Price is negotiable, but I have at least $150 to spend on this. 

Style
I'm looking for a top down style, as in the reference, with the same general dimensions and features. I'm only looking for geography at this point (e.g. no habitation markers, names, roads, etc). I'd like something that is quasi-realistic. I could not find a suitable example online anywhere. I like the old Faerun maps, but that might be too simplistic. The new ones are too complex .. maybe in the middle somewhere. We can discuss. 


Quality & Size
The reference image original is 2550x3300 pixels, but I'm not seeing the fine detail I'd like, so maybe something with more resolution. 
Quality will be negotiable, but I'm looking for something between quasi-pro and semi-pro.


Time Constraints: I have no time constraints, as I've just started world building. However, this will be the starting (and base) area for the campaign, so I'd like to at least get a 1/4 finished draft (kind like the reference image) sometime in the next month or so. If players see an evolving ever more refined map over time, that's fine.


Copyright
 I do not require copyright, but personal usage rights in perpetuity and I'd like to get a copy of the final art file (ps or cps) to use in my personal campaign(s), for labeling, adjustments ... turtle death and destruction, etc.

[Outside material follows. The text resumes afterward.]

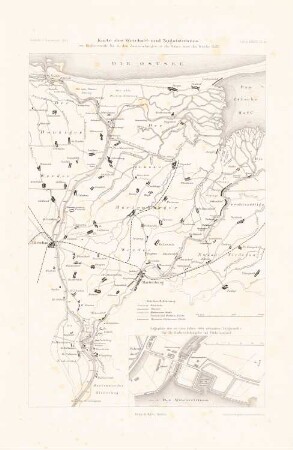 Weichsel-Nogat-Kanal: Lagepläne (aus: Atlas zur Zeitschrift für Bauwesen, hrsg. v. G. Erbkam, Jg. 38, 1888)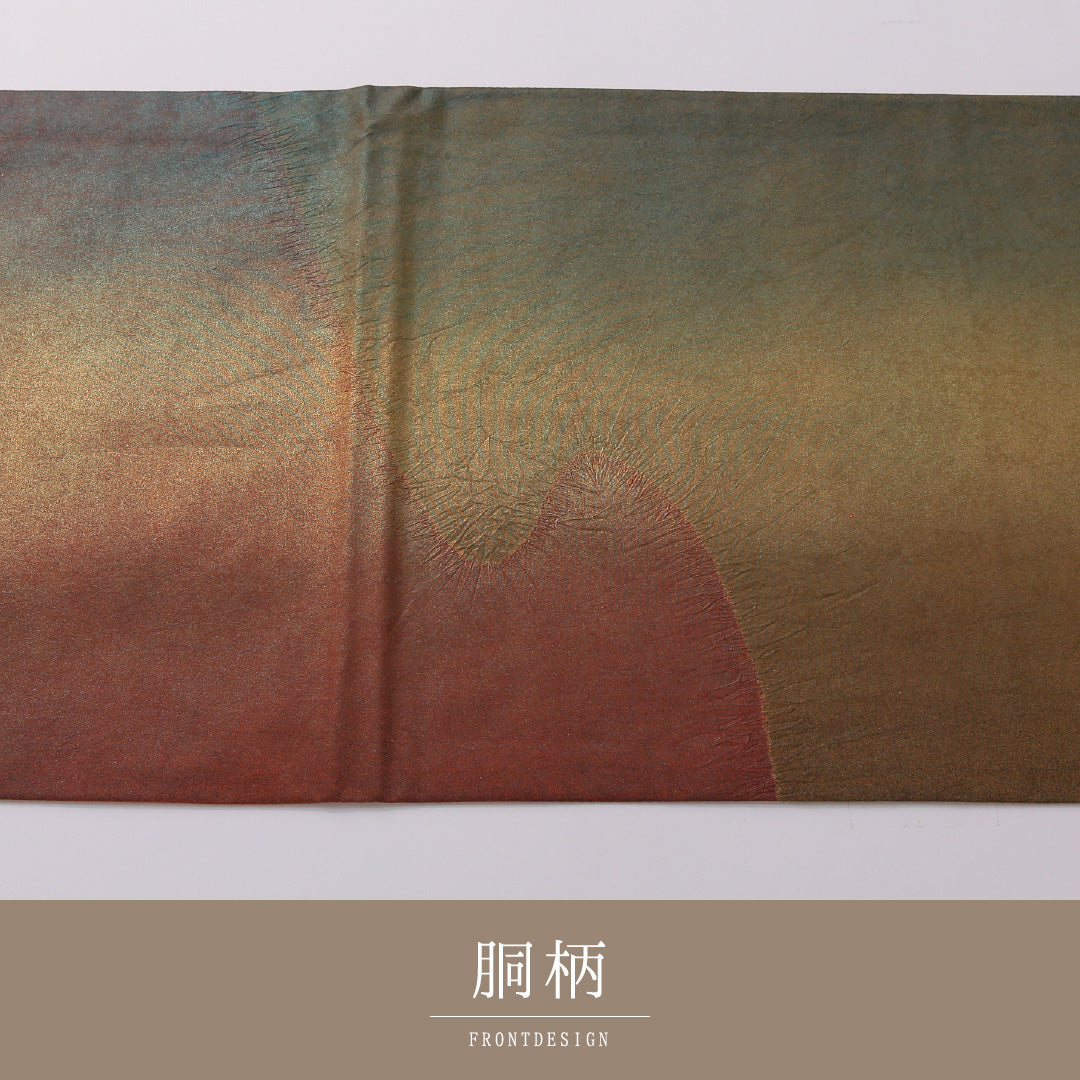 袋帯 帯丈460cm 正絹 全通 帯芯なし インフォーマル 創作柄 朱系 1243-01931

Don't think I can send PM's here yet, but I can read them, so maybe include a contact email. If you'd rather email me direct, please send to kevindflynn66(at)gmail. 

Thank you for your consideration of my request. No elephants were harmed in the writing of this post.

----------


## Caenwyr

You've got mail  :Wink:

----------


## greendino

I will send you an email, and you can view my portfolio here!

I would love to help create this with you!

----------


## TheDwarf

Hello,

I'm interested in the project. I sent you a PM with links to my portfolio!

Kind regards,
Sergio

----------


## Boompanda

This commission has been taken.

----------